SFC Energy has received a low-rate initial production (LRIP) order for the supply of a next-generation fuel cell system (NGFC) for defence applications.

Under the €1.3m contract, the company will produce, test, and deliver units to the customer, whose identity will remain undiclosed.

The system is expected to be used by the customer as the source for reliably powering their unmanned devices in the field.

SFC Energy CEO Dr Peter Podesser said: "Our experience in successfully deploying our products for military forces in recent years has helped to expand our potential customer base for governments across the world.

"Our fielded fuel cells have an excellent international track record in providing silent, non-detectable power to vehicle based and stationary off-grid defence applications.

"The NGFC will continue this track record and be an integral part of our defence business going forward."

Designed and developed under a joint development agreement (JDA), the NFGC is a fully integrated power source for off-grid defence applications in unmanned scenarios in the theatre.

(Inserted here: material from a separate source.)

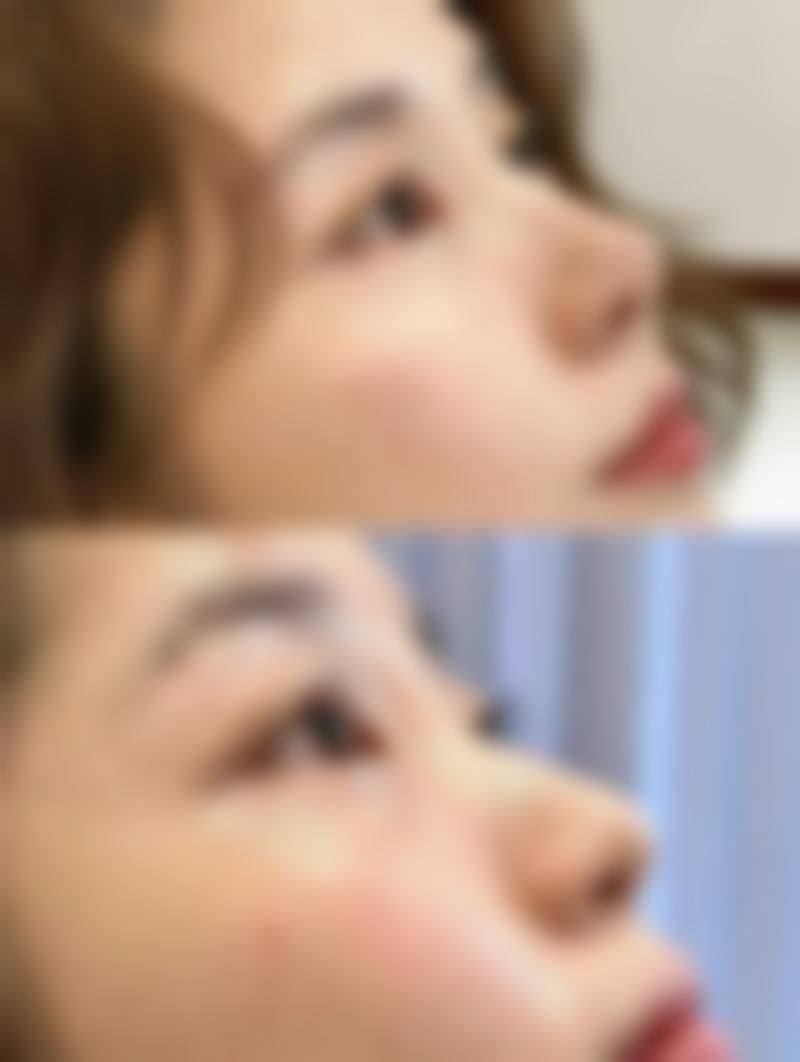宁波韩美医疗美容整形机构患者常见问题解答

The system is expected to power stationary off-grid applications automatically for extended periods of time without requiring any user intervention due to high-energy density of the methanol fuel.

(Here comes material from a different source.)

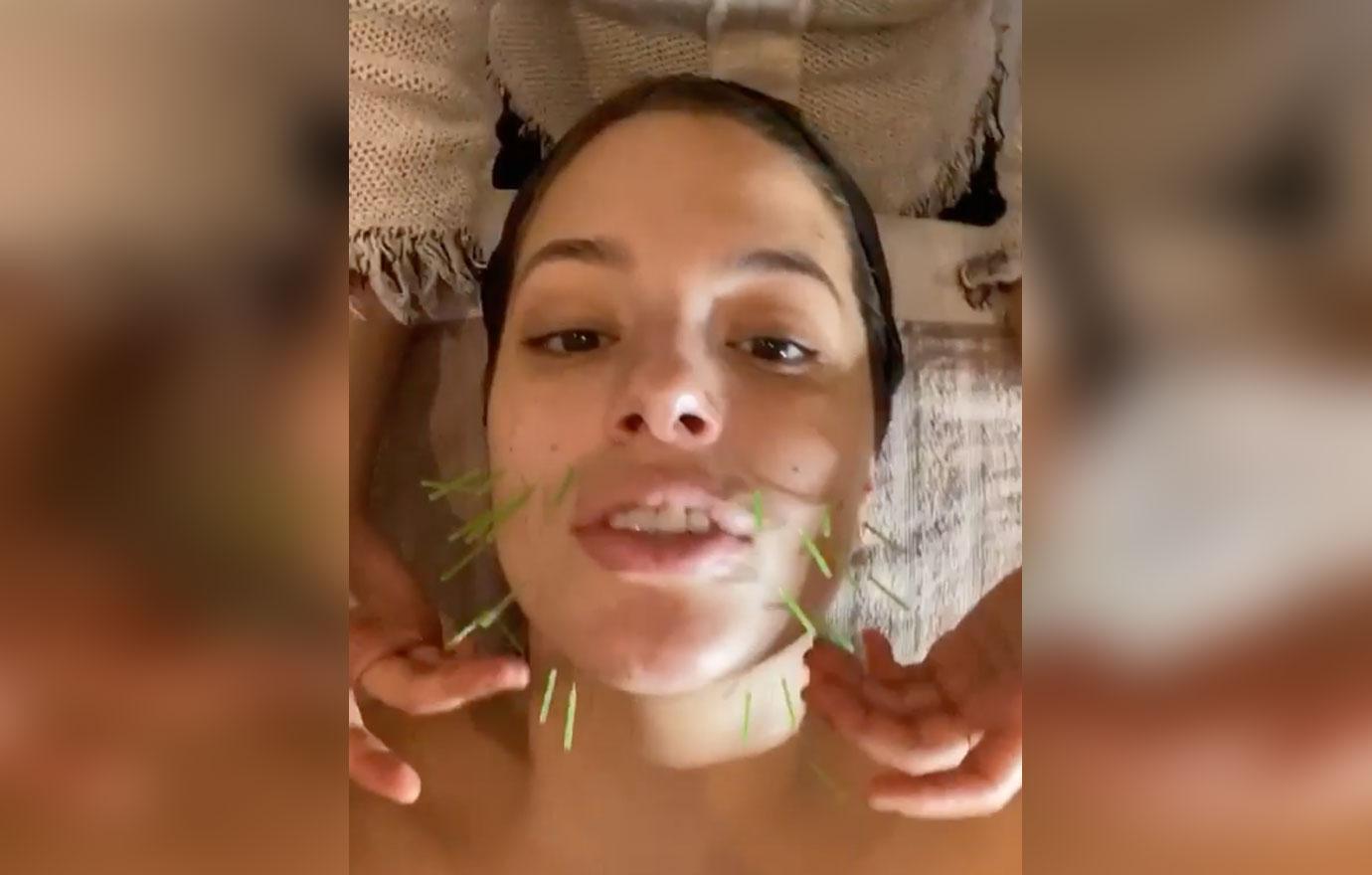 Ashley Graham Gets Facial Acupuncture in New Video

"Our fielded fuel cells have an excellent international track record in providing silent, non-detectable power."

The ability to power an application for long time intervals without the user intervention makes the fuel cell the a suitable power source for a variety of covert and undercover scenarios.

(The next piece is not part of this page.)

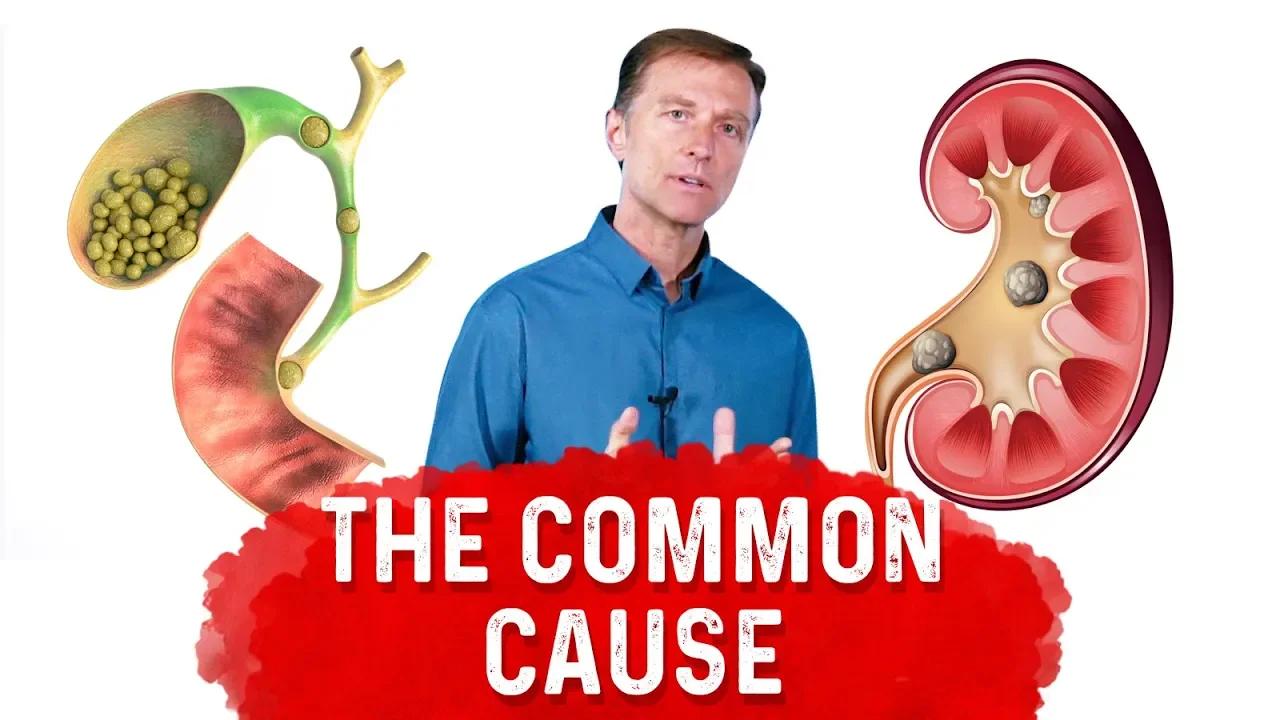 Gallstones vs Kidney Stones A Common Cause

Expected to be based on SFC’s proven and tested fuel cell architecture, the NGFC will also reliably charge batteries off-vehicle as field charger.

SFC’s fuel cells, EMILY and JENNY, have already been qualified and officially cleared for military usage by the German Armed Forces.

As part of the JDA and the LRIP order, the company will optimise the fuel cell system, as well as all individual components for maximum lifetime, safety, and reliability.

Image: SFC’s fuel cell EMILY has already been qualified and cleared for use by the German military. Photo: courtesy of SFC.